I bought my kittens a new scratch post for the upstairs and they love it and now spend most evenings upstairs on it.

My friends think it's a little excessive haha! What do you think?


----------



## Tidgy (Jun 30, 2010)

been thinking about getting one of these for porthos lol


----------



## Charity (Apr 17, 2013)

Looks great, lucky kittens, they'll love it.


----------



## lillyfish (Apr 4, 2013)

Looks great! You can't get a big enough cat tree, they love them!


----------



## Bray (Apr 17, 2013)

I think thats brilliant!! Not excessive at all


----------



## Bonobosoph (May 8, 2013)

Wowee! Where did you get it from? I must get one of those!
My piddly little discount shop scratching post is shameful compared to that castle. :001_tt1:


----------



## Bray (Apr 17, 2013)

Try Zooplus bonobosoph they have a fair few deals on. 
Cat Trees & Cat Scratching Posts: Free P&P on orders £19+ at zooplus!


----------



## Bonobosoph (May 8, 2013)

Bray said:


> Try Zooplus bonobosoph they have a fair few deals on.
> Cat Trees & Cat Scratching Posts: Free P&P on orders £19+ at zooplus!


Thanks for that! It shall certainly be a future investment. :thumbup:


----------



## Bray (Apr 17, 2013)

No probs. I bought Beau one that's as tall as me (5ft4) for £40 and he absolutely loves it x


----------



## Jduh (Apr 2, 2013)

I got this one on Ebay. Kittens love it and sleep on the highest tier every night!


----------



## GingerJasper (Oct 29, 2012)

I think its the perfect size. I want to get one that size just have to work out how to smuggle it in and then suggest that its been there for ages.


----------



## Tangerine (May 10, 2013)

Excessive is your media library!  
This castle is just perfect. Well done!


----------



## misseskimo (Apr 15, 2013)

That looks great! Bet they love it! I'm a bit of a tree freak, have 3 now! I just bought a new one last month which is essentially from Zooplus, so can also give my two thumbs up for them! But my other one was from Ebay also, and my girls love(d) it! 

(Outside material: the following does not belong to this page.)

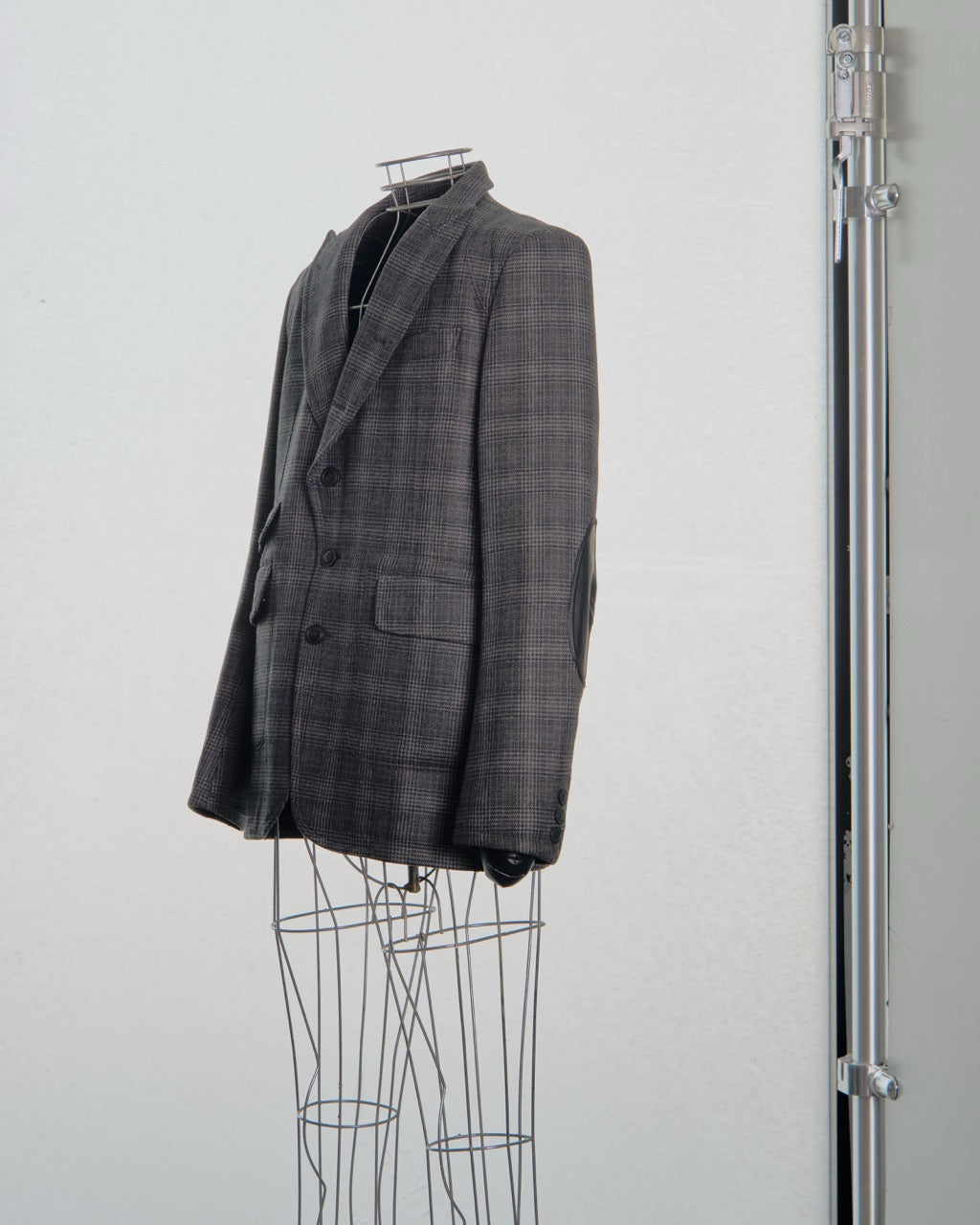 Gray checkered Comme des Garcons Junya Watanabe blazer on a mannequin against a white background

NB. Oh, and I'm jealous of your DVD library! Mine are kinda building up in the spare room as I ran out of room in the cabinet! Hehe


----------



## Dave the Brave (May 27, 2013)

That looks awesome. I'm definitely going to get one of that size for Dave! They're not even very expensive 

Just ordered this one:

http://www.zooplus.co.uk/shop/cats/scratching_posts/large/large_cat_trees_height_180_cm/84900

Excited for it to come!

Thanks for the inspiration ^_^


----------



## Kimbles38 (Jun 9, 2013)

Wow that certainly is a castle.
What lucky babies you have.


----------



## Tessah (Jun 19, 2013)

Nice they will love it


----------